Maple-Glazed Pork Loin
| Summary | |
|---|---|
| Prep time | 30 min |
| Cook time | 4 hrs on low |
| Source | Slow Cooker Revolution (pg 113) |
| Yield / serves | 6-8 servings |
| Rating | Delicious |
The sauce is fairly sweet. Adding a little balsamic vinegar works great.
Ingredients
- 4..5 - 5 lb boneless pork loin roast, trimmed and tied at 1-inch intervals
- salt and pepper
- 2 T vegetable oil
- 1 onion, minced
- 1/2 t ground cinnamon
- 1/4 t ground cloves
- 1/8 t cayenne pepper
- 1 c maple syrup
- 1/2 c low-sodium chicken broth
- ~2 t balsamic vinegar (optional, to taste)
Preparation
Dry pork with paper towels and season with salt and pepper. Heat 1 tablespoon oil in 12-inch skillet over medium-high heat until just smoking. Brown pork well on all sides, 7-10 minutes; transfer to slow cooker.

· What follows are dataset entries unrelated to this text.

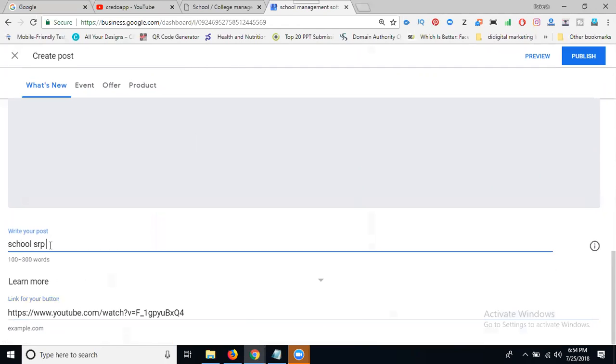Write on School ERP Software where is in Hyderabad.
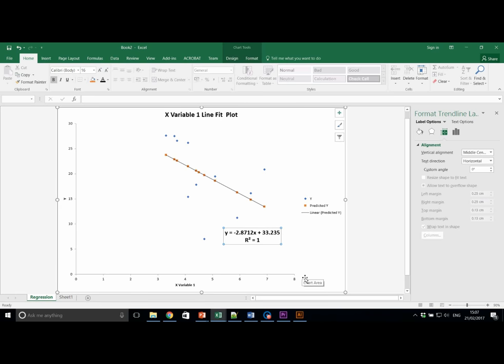Use this to extrapolate, predict values of Y for values of employment of 2% and 8%. Remember, values of unemployment is our X axis.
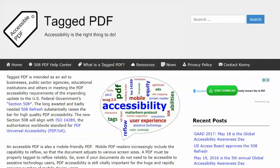Hello, this is Kenny Moore of TaggedPDF.com continuing a series of short tutorials intended to help optimize PDF documents for assistive technology and mobile devices by meeting the new PDF accessibility requirements of the 508 refresh.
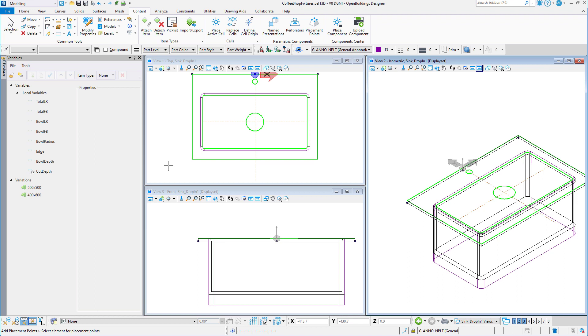Variables can be mapped to existing catalog properties, or they can be left as is, making them available to be changed when placing the cell, but not as a property that is scheduled.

Heat remaining tablespoon oil over medium-high heat until shimmering. Add onion, cinnamon, cloves, and cayenne and cook until the onion is softened and lightly browned, 8-10 minutes. Stir in maple syrup and broth, scraping up any browned bits; transfer to slow cooker.
Cover and cook until pork is tender and registers 140-145 degrees on instant-read thermometer, about 4 hours on low.
Transfer the pork to a cutter board, tent loosely with aluminum foil, and let rest for 10 minutes. Let braising liquid settle for 5 minutes, then remove fat from the surface using a large spoon. Transfer the braising liquid to a saucepan and simmer until reduced to 1 1/4 cups, about 15 minutes. Season with salt, pepper, and balsamic vinegar to taste.
Remove the twine from the pork, and slice into 1/2-inch thick slices, and arrange on a serving platter. Spoon 1 cup of the sauce over the meat and serve with the remaining sauce.